A new agreement for freelancers working in TV drama comes into force on 1 December 2017.
30 November 2017
A new collective agreement for TV drama production comes into force on Friday 1 December. It is the first such agreement since 2003 and marks a "massive step forward for production crew" according to national secretary, Spencer MacDonald.
BECTU and Pact, the producers' association, are signatories to the agreement which is the result of some two years work. The agreement was approved by 97.4% of members, across all departments, who took part in the ballot held in May this year.
The agreement gives greater certainty to production crew, the vast majority of whom are freelancers, in terms of day/night hours, rest periods, travel, meal breaks, holiday entitlement, cancellation and more. The document also includes a substantial statement on bullying and harassment, the importance of which is amplified by the Weinstein scandal. The Deal Memo - the basic statement of terms which everyone engaged on a TV drama production should receive - is incorporated into the new comprehensive agreement.
TV Drama and more ...
Whilst the agreement will be known as the TV Drama agreement, productions covered by it will include "scripted single television drama and scripted series/serial drama excluding continuing drama/soaps, across all platforms produced in the UK, including children's drama produced in the UK, narrative comedy produced in the UK, shorts produced in the UK and pilots produced in the UK." Location filming as part of any production caught by the agreement will also be covered unless expressly excluded.
Speaking in May, when the agreement was signed, head of BECTU, Gerry Morrissey, said:
"I am satisfied that our negotiating team have reached the best deal for our members that can be achieved through negotiations. The terms in this agreement represent some significant improvements for some departments and we are confident that BECTU members will not suffer any loss of established terms.

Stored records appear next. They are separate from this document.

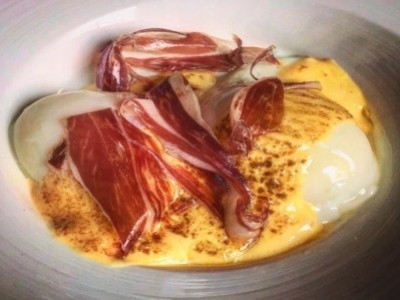  Jamón Ibérico con Huevos a Baja Temperatura y Salsa Holandesa
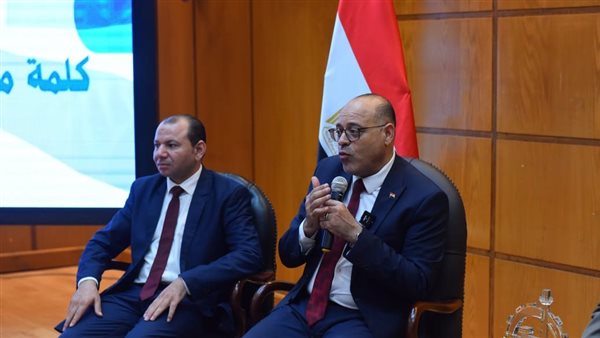 وزير العمل ومحافظ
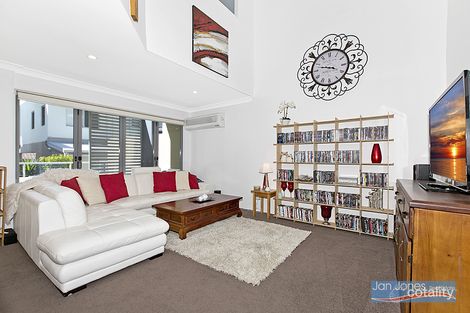 Property photo of 7/8-10 Georgina Street Woody Point QLD 4019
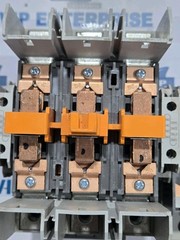 LS MC-130A CONTACTOR 200A COIL VOLTAGE 440VAC 50-60HZ FREE FAST SHIPPING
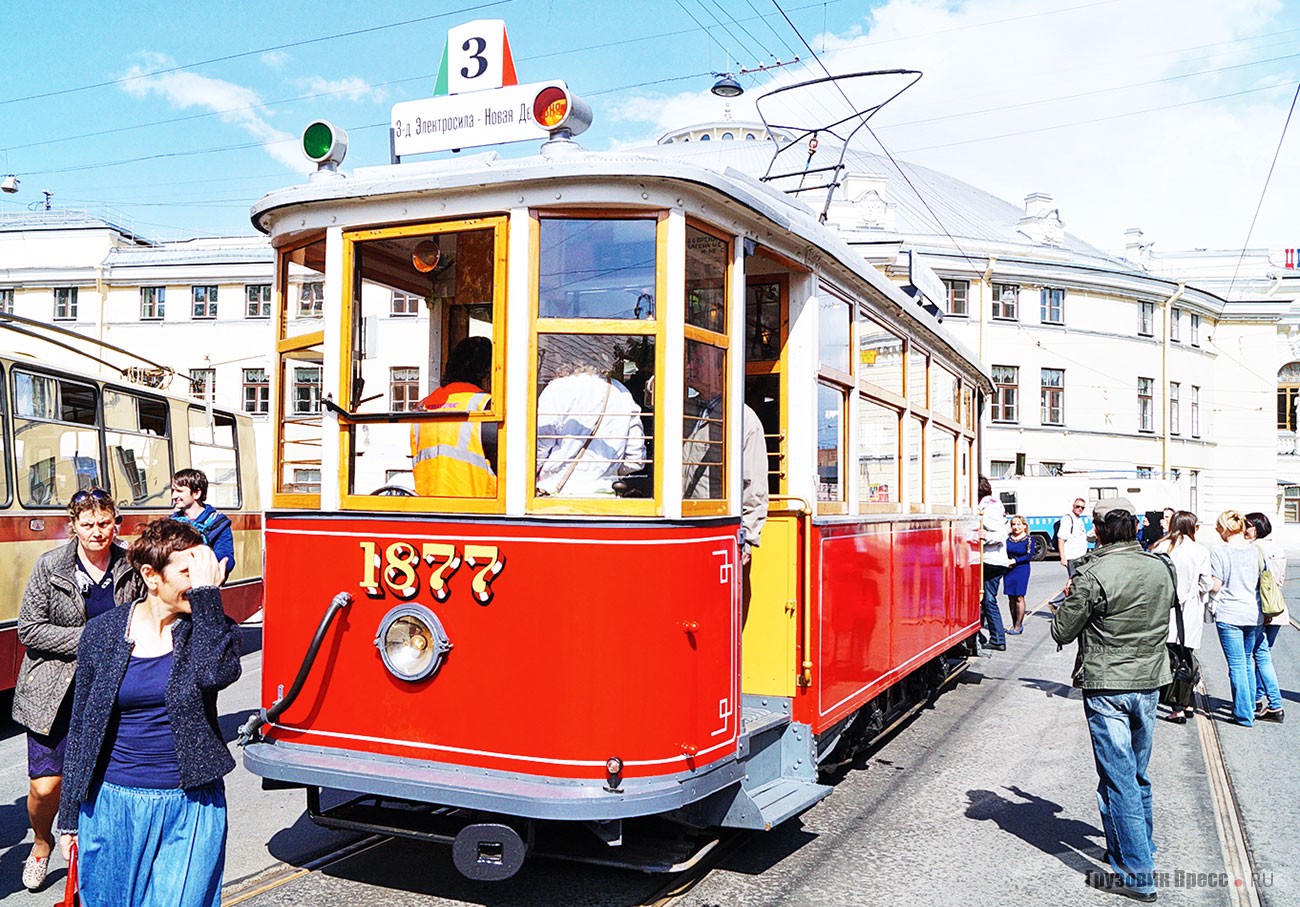 Этот дедушка [b]МС-1[/b] 1929 года постройки до попадания в музей ГЭТ служил вагоном-мастерской в службе пути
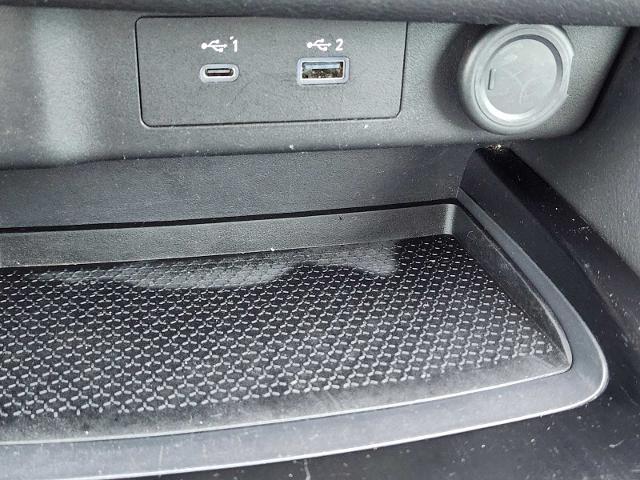 2022 Nissan Rogue Vehicle Photo in DENTON, TX 76210-9321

"The absence of such an agreement over many years has resulted in a deterioration of workers terms and conditions. One of the biggest problems that our members have complained of for many years is the practice of them being expected to start work without any formal agreement on their terms.
"Under this agreement, the crew on a TV Drama will have a full statement of their terms and conditions at the start of a production period. They will be provided with a "deal memo" that details pay rates, hours, planned locations and other important conditions."
Now the union is focused on expanding the industry's understanding of the agreement and encouraging its use. Our colleagues in Pact will be doing the same.
Conrad Mewton, senior business affairs executive, at PACT said:
"We are delighted that we are now launching the new agreement with BECTU, and to have such strong endorsement for it from members of both of our organisations. We firmly believe that it will be of great benefit to everyone in our industry.”
The next big challenge for BECTU and Pact will be to agreed a schedule of rates.